À la fin du VIIIe siècle, la métrique arabe a évolué, s’étendant sur 16 mètres, chacun composé de manière différente, avec un certain nombre d’unités rythmiques et musicales que l’on combine différemment : on a le mètre simple, long, abondant… En somme, c’est une autre façon de combiner les sonorités longues et courtes, comme pour la poésie latine. À l’école, on apprenait ces variations rythmiques autour de la racine verbale « fa‘ala », et ses variantes grammaticales. Cette codification a été suivie jusqu’au XXe siècle.
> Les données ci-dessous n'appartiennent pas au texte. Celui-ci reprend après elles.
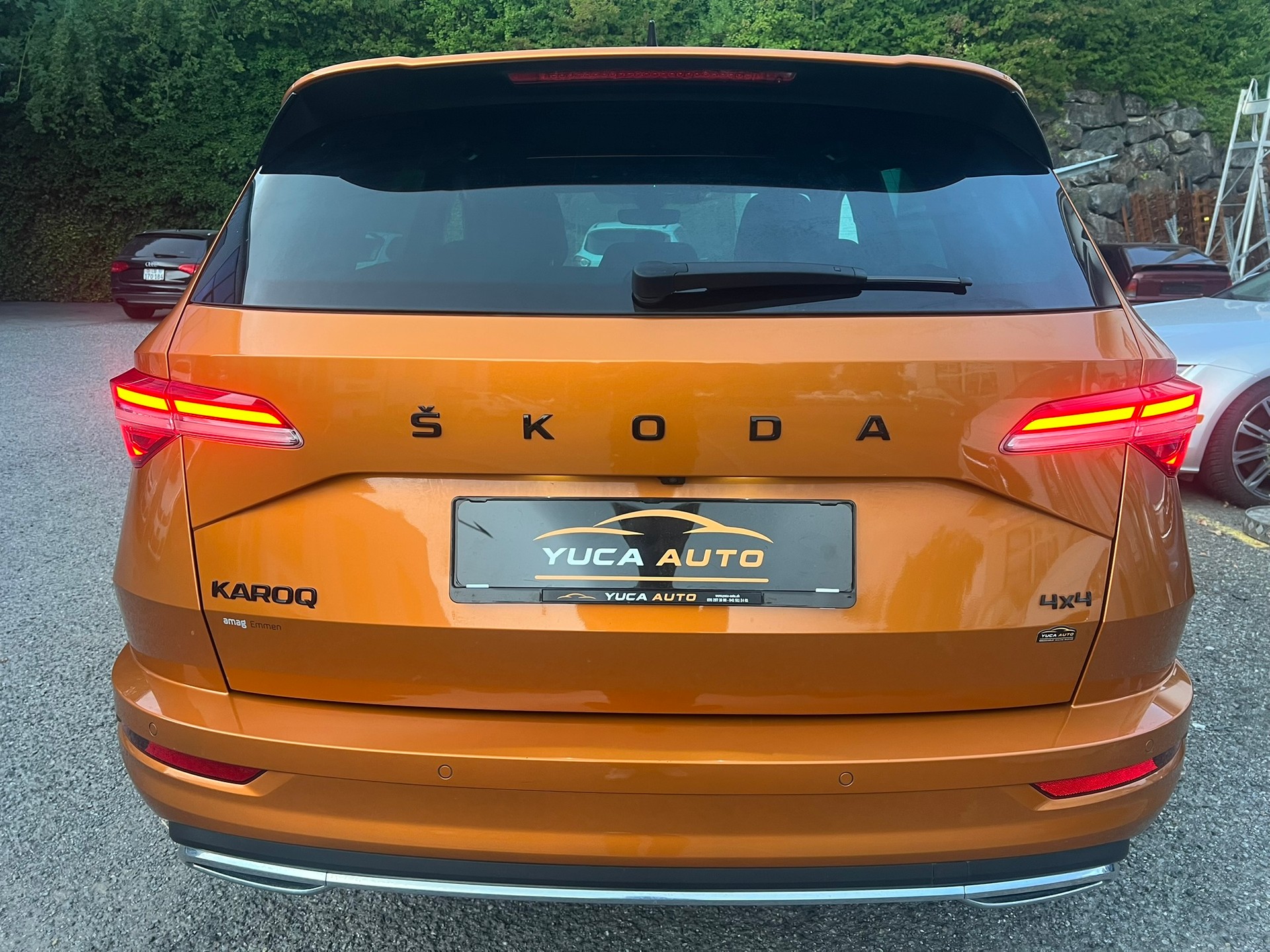SKODA Karoq 2.0 TDI CR Sport Line 4x4 DSG-image-4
Quant à la rime, elle est la même du premier au dernier vers, même si la strophe (muashah) est apparue en Andalousie et a pu occasionner des changements de schémas de rimes.

Peut-on dire que la naissance de l’islam a influencé l’écriture poétique ?

Les profils des poètes sont multiples. Bashãr Ibn Burd (VIIIe siècle), qui était aveugle, écrivait de manière très sensuelle et provocante. D’autres sont adeptes des différentes sectes de l’islam, ils écrivent leur amour pour la famille du prophète par exemple. On peut noter un changement dans leur attitude face à la mort : dans la poésie préislamique, il n’y avait pas d’espoir de vie après la mort. L’amour divin pourrait être l’objet d’une autre anthologie, qui aurait des points communs formels et thématiques avec l’expression de l’amour humain.

Les Arabes et l’Amour ne font état que d’une poétesse, Al-Khansa, qui a passé sa vie à écrire sur la douleur de la mort de son frère, or des poétesses composaient, notamment en Andalousie, mais elles ont été souvent gommées par la tradition.

Comment expliquez-vous le succès de la poésie arabe classique aujourd’hui, et notamment celle de la période abbasside ?

Il y a peut-être une nostalgie de cette période abbasside entre le IXe et le Xe siècle, où sont apparus les grands noms de la culture arabe, qui n’étaient d’ailleurs pas forcément d’origine arabe. Ils pouvaient être persans tout en écrivant en arabe, qui était la langue culturelle, comme de nombreux grammairiens, philosophes, prosateurs… L’étendue du monde arabe était alors importante, avec une variété culturelle et religieuse très féconde. Plus tard, d’autres intellectuels majeurs sont notables, comme Averroès en Espagne, ou le sociologue Ibn Khaldoun, à la fin du XIVe siècle, mais la dynamique de ces deux siècles est inégalée. Aujourd’hui, la poésie classique arabe se vend mieux que les textes plus contemporains !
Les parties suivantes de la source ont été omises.